With no reprieve by the United States Supreme Court, Richard Glossip's death seemed inevitable.
That is, until Governor Mary Fallin granted Glossip 37 extra days, despite continuously saying she would deny a stay.
Fallin met with members of the media late Wednesday evening to discuss the stay.
"One of the things we do in our state is go through the execution process," Fallin said. "It's a very, very serious matter for the state that none of us take lightly."
The stay was issued after the governor received a call from the Attorney General's office.
The office had been notified by the Department of Corrections, they had received potassium acetate as part of the three drug lethal combo to be used.
The problem is proper protocol calls for potassium chloride not acetate.

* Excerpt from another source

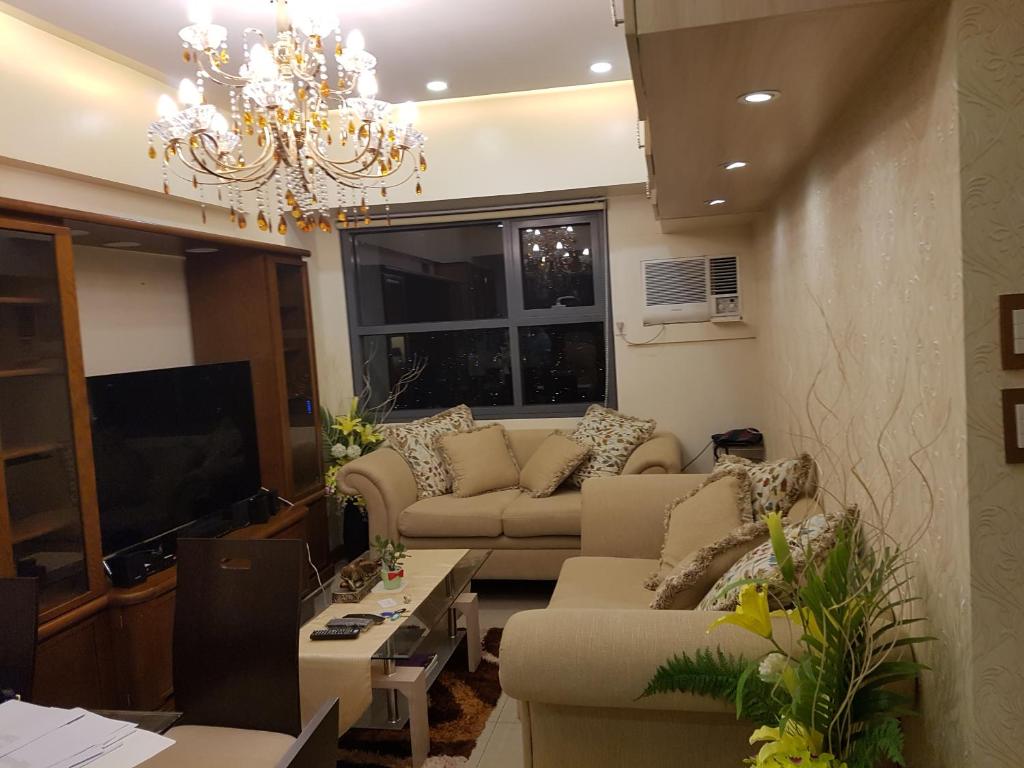 ein Wohnzimmer mit 2 Sofas und einem Kronleuchter in der Unterkunft KC 2-Bedroom 1 at Horizon 101 Cebu in Cebu City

"The Department of Corrections did what they should have done, which is to notify the Attorney General," Fallin said. "The Attorney General was thinking it through, called me, made me aware of it."
The use of potassium acetate is against protocol but, turns out, it's not all that different from potassium chloride.
"Basically, they do the same thing. They both cause what's called 'hyperkalemia.' It elevates doses of potassium, which will affect the rhythm of the heart," said Dani Lynch with Thrifty Pharmacy. "It'll stop your heart, regardless."
When asked if the chemical has been used in previous executions, the governor was not sure.
"That is one of the things that we're going to wait and see," Fallin said.